Алексею Федоровичу Лосеву требовалось из-за слабости зрения читать на языках. Не зная, как это делалось до меня, я стал читать сразу по-русски. Это пригодилось, и мне позволили часто бывать у него, также и для письма, после чтения, под диктовку. Мне давали делать дома письменные рефераты. В 1970 году, не сумев работать ни в Главлите, куда меня распределили после института, ни в МИМО, ни в издательстве «Мысль», я до 17. 7. 1972 года, когда был принят в сектор информации Института философии АН СССР, имел основным местом работы тихий кабинет Лосева.
Уходя после первого занятия с А. Ф. по Арбату к центру, я был другим. Город изменился, воздух был плотным, пространство глубоким. Я мог двигаться плавно в этой новой густоте. Каждый раз, как я приближался к дому Лосева, Арбат начинал казаться особенно запустелым, люди на нем совсем неприкаянными. Кабинет на втором этаже с окнами во двор излучал строгую отрешенность. Здесь думали. Большой человек в кресле с высокой ровной спинкой между заставленными книгами столом и бывшим камином бодрствовал в молчаливой сосредоточенности. «Здравствуй, Владимир».

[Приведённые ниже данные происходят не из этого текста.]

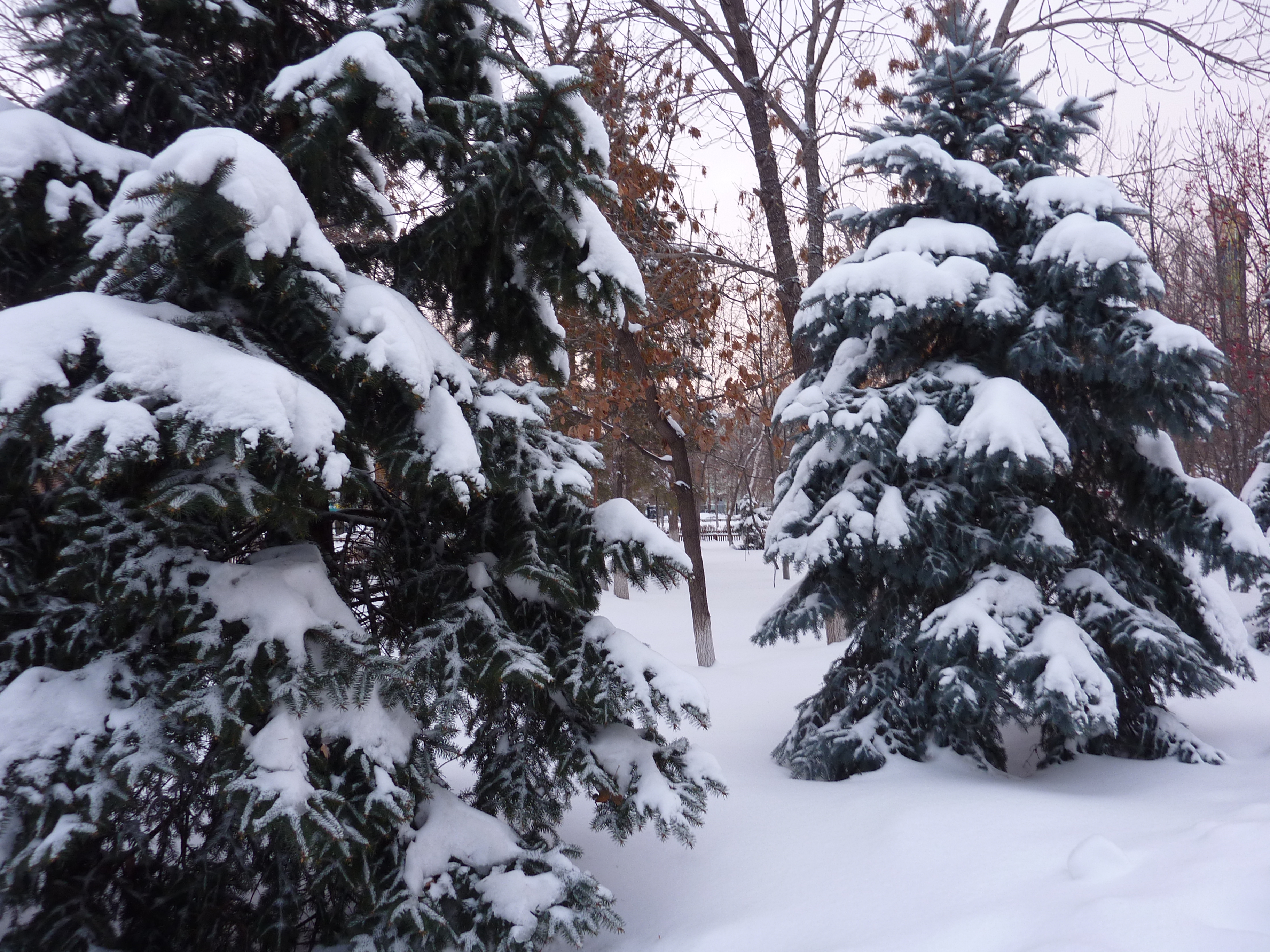 2 Christmas trees and a rowan tree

Среди чтения и диктовки Алексей Федорович иногда заговаривал о другом. Его книги вмешали не все, чем он жил, часто — только намеки на затаенные ходы мысли. Когда начинались его отступления, я, чувствуя несправедливость растраты такого богатства на одного меня, брал один за другим листки из щедрой стопки «оборотиков» — для экономии на черновики шла использованная с одной стороны бумага — и записывал его слова, какие успевал, не вводя никогда свои. Магнитофона не было на горизонте.

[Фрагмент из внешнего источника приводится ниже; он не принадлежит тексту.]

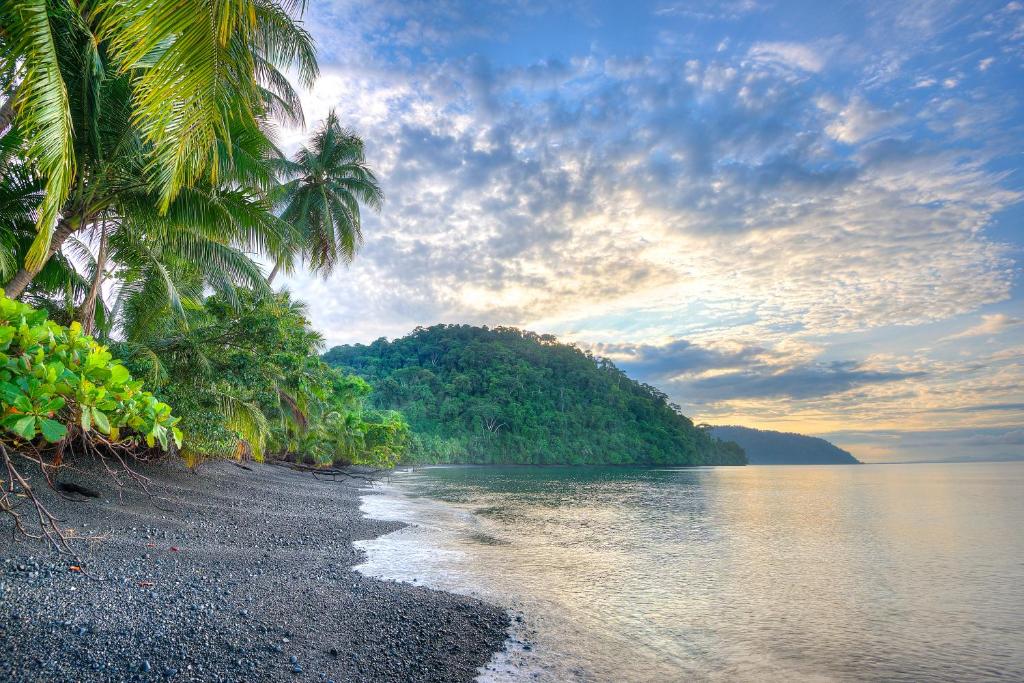 Playa Nicuesa Rainforest Eco Sanctuary photo 2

Редко я решался перебивать А. Ф. Мы были такими неравными собеседниками, что, по-видимому, для него главным удовольствием от собственных рассказов оставалась разыгранная им в одном лице драма идей, характеров, положений. Он был редкостный актер. Ни малейшей нарочитости. Захватывал простор сцены, на которой пределы терялись из виду и всему было вольготно. Алексей Федорович словно только комментировал всплывающее в его памяти, сам и постановщик и увлеченный зритель представления. Отсюда бесподобная невозмутимость тона. Прибавьте редкостный словесный, музыкальный и миметический дар.

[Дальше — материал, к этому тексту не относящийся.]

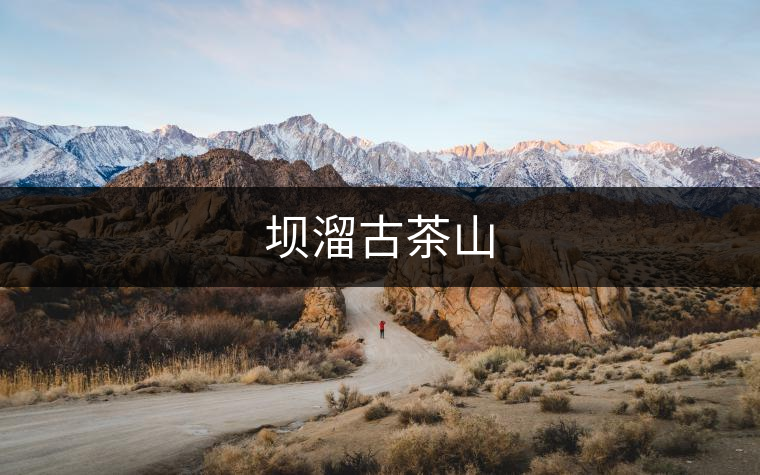 壩溜古茶山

Я не пытаюсь восстановить пропуски в своих бедных записях. Получились всего лишь обрывки речей, но в них — его подлинный голос и моя тогдашняя зачарованность. За Алексеем Федоровичем записывали не раз (см., например, Литературная учеба, 1988, № 2, с. 176–179 и мн. др.). Но в новой связи те же мысли яснее показывают, как всё у А. Ф., и античное и современное, было связано чувством воплощенной близости высших сил.
Если бы кто-нибудь или я сам предположил в годы тех ранних записей, что с Лосевым можно спорить, я испугался бы. Если не он прав, то кто же? «По книжке Лосева и Шестакова[1]», записывал я себе 22. 9. 1965, «надо следить за деталями и вдумываться в мысль автора. Не надо торопиться перебить его своими скороспелыми догадками». В конце концов, его мысль была неоспоримо оправдана уже просто тем, что жила. Никто не смел судить со стороны, не рискнув думать сам. А рискнув, не захотел бы уже судить и спросил бы о другом — почему Алексей Федорович во многом остался подземным вулканом, чьи взрывы приглушенно отдавались во внешних слоях.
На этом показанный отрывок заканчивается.